Former deputy PM says he was astonished to learn how few cabinet members were aware of scale of UK spies’ reach into lives of British citizens

The majority of the UK cabinet were never told the security services had been secretly harvesting data from the phone calls, texts and emails of a huge number of British citizens since 2005, Nick Clegg has disclosed.

Clegg says he was informed of the practice by a senior Whitehall official soon after becoming David Cameron’s deputy in 2010, but that“only a tiny handful” of cabinet ministers were also told – likely to include the home secretary, the foreign secretary and chancellor. He said he was astonished to learn of the capability and asked for its necessity to be reviewed.

Related: The surveillance bill is flawed but at last we have oversight | Nick Clegg

The former deputy prime minister’s revelation in the Guardian again raises concerns about the extent to which the security services felt they were entitled to use broadly drawn legislative powers to carry out intrusive surveillance and keep this information from democratically elected politicians.

Related: Security and liberty: Theresa May’s surveillance plans | Letters from Lord West and others

The government finally admitted on Wednesday that the mass surveillance of British citizens began in 2001 after 9/11 and was stepped up in 2005, using powers under national security directions largely hidden in the 1984 Telecommunications Act.

It is not known if government law officers sanctioned the use of the act in this way, but it appears the intelligence and security committee responsible for parliamentary oversight was not informed, adding to the impression of a so-called deep state operating outside the scrutiny of parliament.
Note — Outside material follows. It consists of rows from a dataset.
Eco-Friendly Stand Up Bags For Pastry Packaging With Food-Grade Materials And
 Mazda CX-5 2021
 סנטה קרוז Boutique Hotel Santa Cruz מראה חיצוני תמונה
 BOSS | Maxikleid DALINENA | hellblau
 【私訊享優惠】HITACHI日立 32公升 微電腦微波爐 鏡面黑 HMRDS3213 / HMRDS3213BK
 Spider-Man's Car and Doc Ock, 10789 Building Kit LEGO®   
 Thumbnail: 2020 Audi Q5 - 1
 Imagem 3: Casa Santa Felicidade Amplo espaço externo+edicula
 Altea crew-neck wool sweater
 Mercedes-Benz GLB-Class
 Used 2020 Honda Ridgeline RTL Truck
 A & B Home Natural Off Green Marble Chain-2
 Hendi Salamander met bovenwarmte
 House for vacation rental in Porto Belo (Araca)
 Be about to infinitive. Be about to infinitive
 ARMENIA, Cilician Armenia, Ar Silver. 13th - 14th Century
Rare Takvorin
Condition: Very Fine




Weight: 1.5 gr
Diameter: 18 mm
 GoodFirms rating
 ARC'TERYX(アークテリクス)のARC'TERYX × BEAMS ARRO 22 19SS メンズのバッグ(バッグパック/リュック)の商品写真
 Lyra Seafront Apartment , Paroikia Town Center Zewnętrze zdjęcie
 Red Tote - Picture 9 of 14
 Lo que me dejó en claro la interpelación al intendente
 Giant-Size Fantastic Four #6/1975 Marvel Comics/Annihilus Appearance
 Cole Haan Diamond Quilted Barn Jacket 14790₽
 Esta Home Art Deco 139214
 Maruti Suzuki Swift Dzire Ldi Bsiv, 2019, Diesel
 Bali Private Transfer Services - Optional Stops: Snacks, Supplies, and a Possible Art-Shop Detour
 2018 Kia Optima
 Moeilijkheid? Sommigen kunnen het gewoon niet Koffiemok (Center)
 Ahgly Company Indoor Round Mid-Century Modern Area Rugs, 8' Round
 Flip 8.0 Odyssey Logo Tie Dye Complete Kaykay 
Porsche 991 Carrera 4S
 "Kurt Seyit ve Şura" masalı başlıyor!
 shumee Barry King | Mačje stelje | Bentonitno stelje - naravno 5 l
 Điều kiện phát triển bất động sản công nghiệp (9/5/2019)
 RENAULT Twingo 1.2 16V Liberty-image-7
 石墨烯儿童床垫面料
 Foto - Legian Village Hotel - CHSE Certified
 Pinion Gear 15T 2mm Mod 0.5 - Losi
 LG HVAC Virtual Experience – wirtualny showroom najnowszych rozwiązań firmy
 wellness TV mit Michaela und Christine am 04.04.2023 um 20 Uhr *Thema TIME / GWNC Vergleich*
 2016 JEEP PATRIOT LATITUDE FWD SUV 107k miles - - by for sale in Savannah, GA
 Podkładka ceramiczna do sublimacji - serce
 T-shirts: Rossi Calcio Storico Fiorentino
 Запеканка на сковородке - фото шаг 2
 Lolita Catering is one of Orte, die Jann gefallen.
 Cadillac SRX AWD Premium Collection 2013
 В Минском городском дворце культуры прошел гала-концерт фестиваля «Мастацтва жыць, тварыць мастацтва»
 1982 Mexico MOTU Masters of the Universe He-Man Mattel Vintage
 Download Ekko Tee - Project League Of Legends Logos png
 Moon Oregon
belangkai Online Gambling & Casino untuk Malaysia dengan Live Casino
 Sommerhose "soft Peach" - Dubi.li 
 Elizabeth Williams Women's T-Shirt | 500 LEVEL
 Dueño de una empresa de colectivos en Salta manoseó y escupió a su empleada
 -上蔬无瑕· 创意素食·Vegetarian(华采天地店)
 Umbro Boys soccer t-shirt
Clegg writes: “When I became deputy prime minister in 2010, I was the leader of a party that had been out of government for 65 years. There were a lot things that we had to re-learn, and a lot that was surprising and new.

“When a senior official took me aside and told me that the previous government had granted MI5 direct access to records of millions of phone calls made in the UK – a capability that only a tiny handful of senior cabinet ministers knew about – I was astonished that such a powerful capability had not been avowed to the public or to parliament and insisted that its necessity should be reviewed.

“That the existence of this previously top secret database was finally revealed in parliament by the home secretary on Wednesday, as part of a comprehensive new investigatory powers bill covering many other previously secret intelligence capabilities, speaks volumes about how far we’ve come in a few short years.”

He also contends that when the revelations of Edward Snowden hit, “the knee-jerk response within government was to play the man and ignore the ball”.

He writes: “Ministers simply didn’t understand – whatever concerns they may have had about Snowden’s own behaviour - the significance of the fact that the world now knew the government’s most closely guarded secrets. They refused to acknowledge that the democratisation of the security state had become inevitable.”

Related: Mass snooping and more – the measures in Theresa May's bill

Clegg claims the draft investigatory powers bill, published on Wednesday, has put the country within touching distance of a comprehensive set of laws covering every surveillance capability of the government. The draft bill, he argues, has been the result of the internal pressure applied by Liberal Democrat ministers inside the coalition government and the external debate generated by the Snowden revelations.

Giving his most detailed assessment of the specifics of the draft bill, he adopts a more sceptical attitude than the initial Labour frontbench reaction on Wednesday, saying many of the proposals are controversial and excessive.

He says the ability of GCHQ “to hack anything from handsets to whole networks is highly intrusive and needs to be much better understood before we can place it within appropriate constraints.

“The new, revised proposals on the storage of web browsing data remain problematic as the bill appears to call for the storage of vast quantities of data that go far beyond the operational requirements set out by the home secretary in the Commons.”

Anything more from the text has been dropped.